Nathan was born in late 2005. He was (and still is) a very happy little guy, but as the months rolled by it became apparent that things just weren't completely right with how he was developing.

At around 10 months old, it was recommended that we have an MRI performed to see if there was something we should be concerned about. A short time later he was officially diagnosed with having PMG. It was still unknown what this would mean, and we would only find out his symptoms as he grew and developed.

For Nathan, take the list of 'wide spectrum of other problems' on the What is PMG page and check all-of-the-above. Has it been a challenge? Yes. Will it continue to be a challenge? Yes. Do we feel sorry for him or ourselves? No. Life has presented many challenges for us, and this is just one of them.

Shortly after the diagnosis came his first seating clinic. This is a meeting with a physical medicine doctor, physical therapist, occupational therapist, and some others to determine how best to situate our son and assist with his development. I was away for work and couldn't be there to help my wife, who was still in shock, and trying to be strong for the both of us.

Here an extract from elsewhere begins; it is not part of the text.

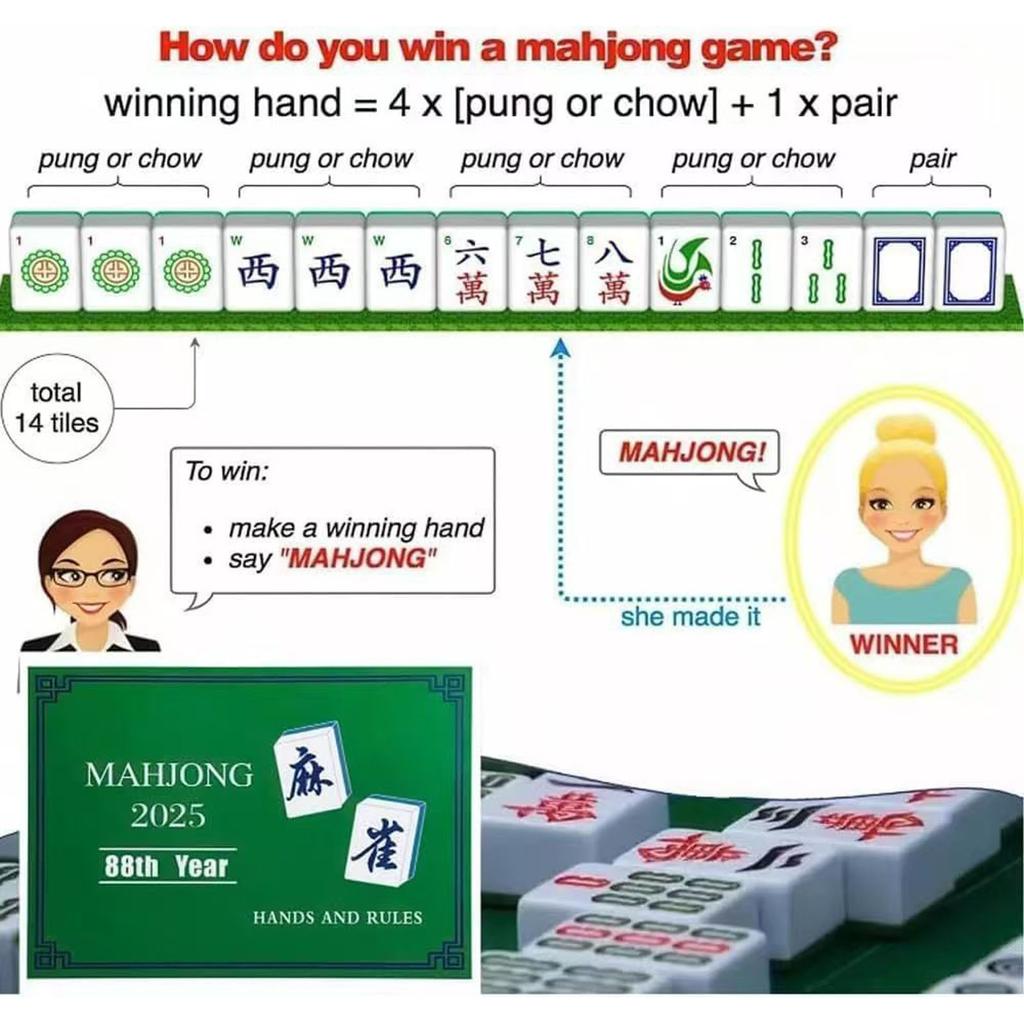 4Pcs Mah-Jong 2025 Cards Official Revision - Large Size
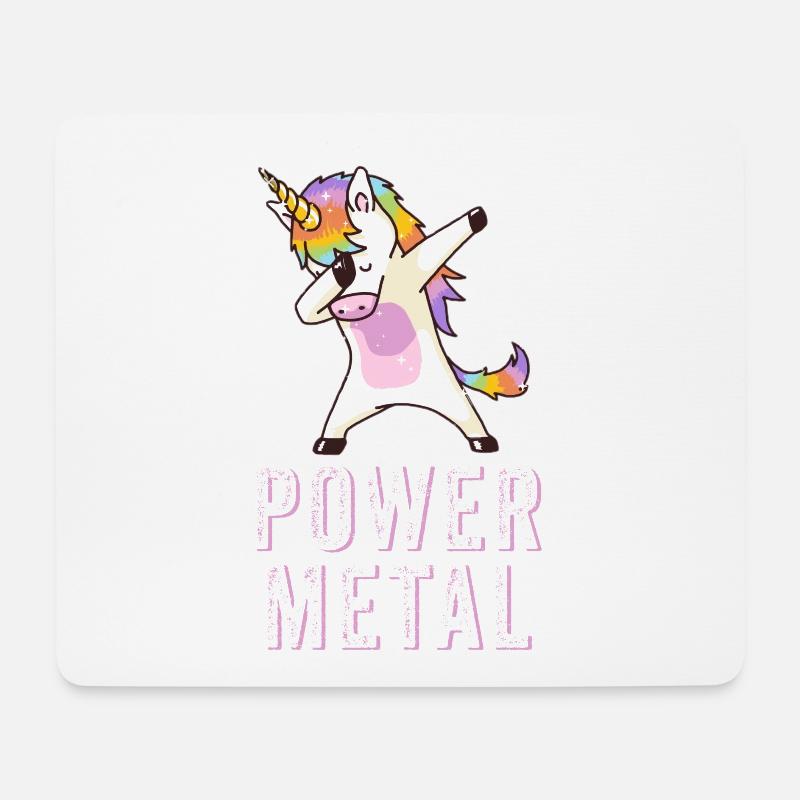 Power Metal Dabbing Einhorn - Dabbing Einhorn - Mousepad (Querformat) - Weiß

The doctor's response was disappointing to say the least. She told us to "Just put him in a wheelchair and enjoy him. He seems to be happy." No information on trying to help him develop, very little hope that he would do anything but smile. Oh, and telling us that, "smiling is just a reflex, not a true indicator that he's really enjoying anything."

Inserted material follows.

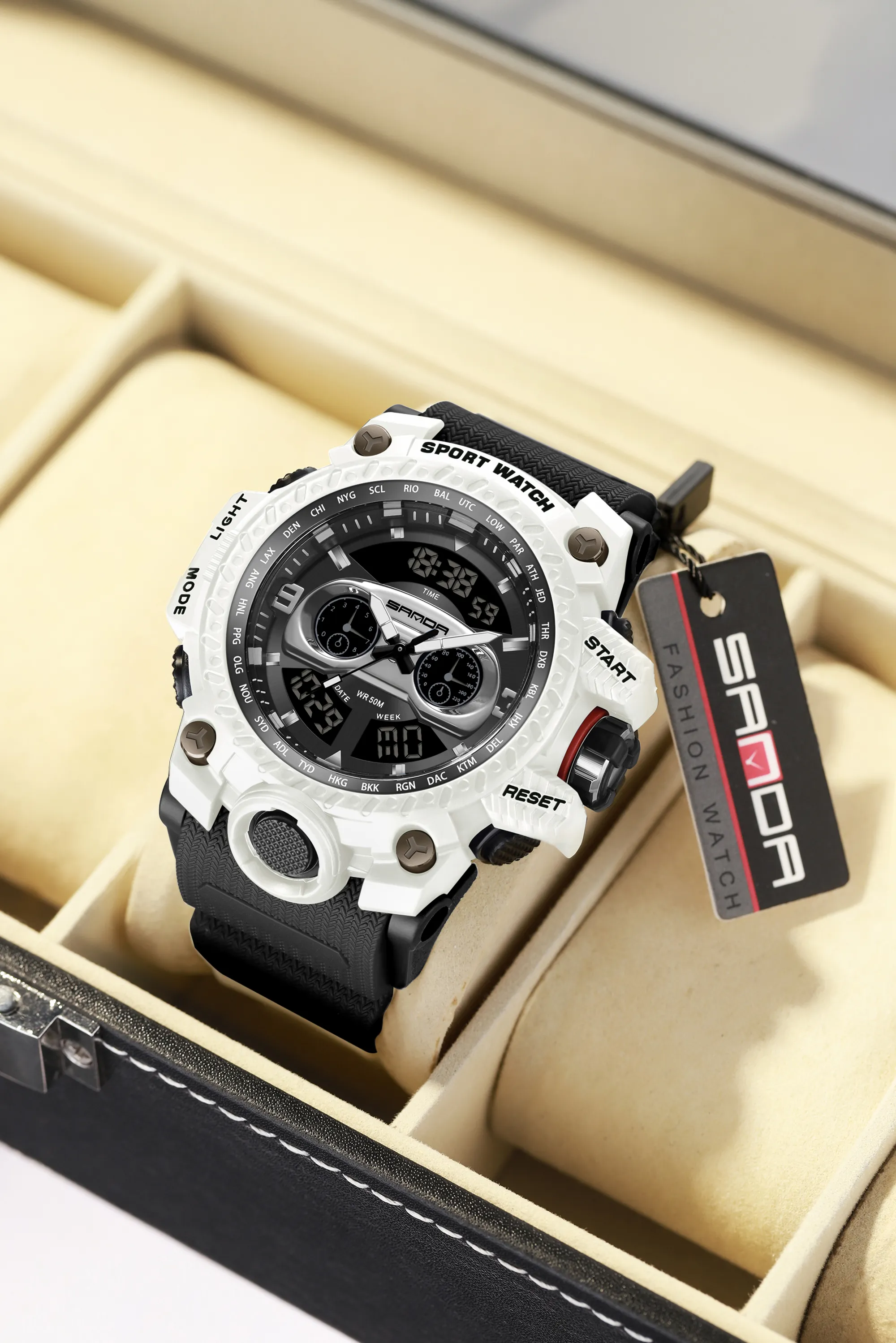 SANDA 3153 Mens Watch Sports Military Quartz Watch 50M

Seeking more answers (really any answers as this doc seemed to give us nothing) we sought out one of the two U.S. specialists in PMG. With the number of cases of PMG and only two specialists, the waitlist (especially an initial visit/evaluation) was 9 months long.

In May 2008 (over Mother's Day weekend), we trekked to Chicago to see Dr. Willam Dobyns. Once there, we waited another hour and a half to see him, but it was worth the wait. He talked to us for almost two hours, very frankly about how Nathan's brain is effected and what's realistic and what is really a long-shot. At least now we had hope, and something to work toward.

My son is a fighter, out to prove others wrong. His work ethic and determination are something I learn from, and try to live up to, every day. Sure, there are good days and bad. Every now and again we still see that initial doctor in the halls of Children's. Someday we hope to watch Nathan stand up, and walk right past her and smile, knowing that day it will definately mean something. From what he's been doing the last several months, we definitely think that's possible.

Whenever you're feeling down, think that God has given up on you, I encourage you to come back to this site, look at the videos, and know with faith, hope, prayers and a lot of hard work, there's always a possibility for good things to happen.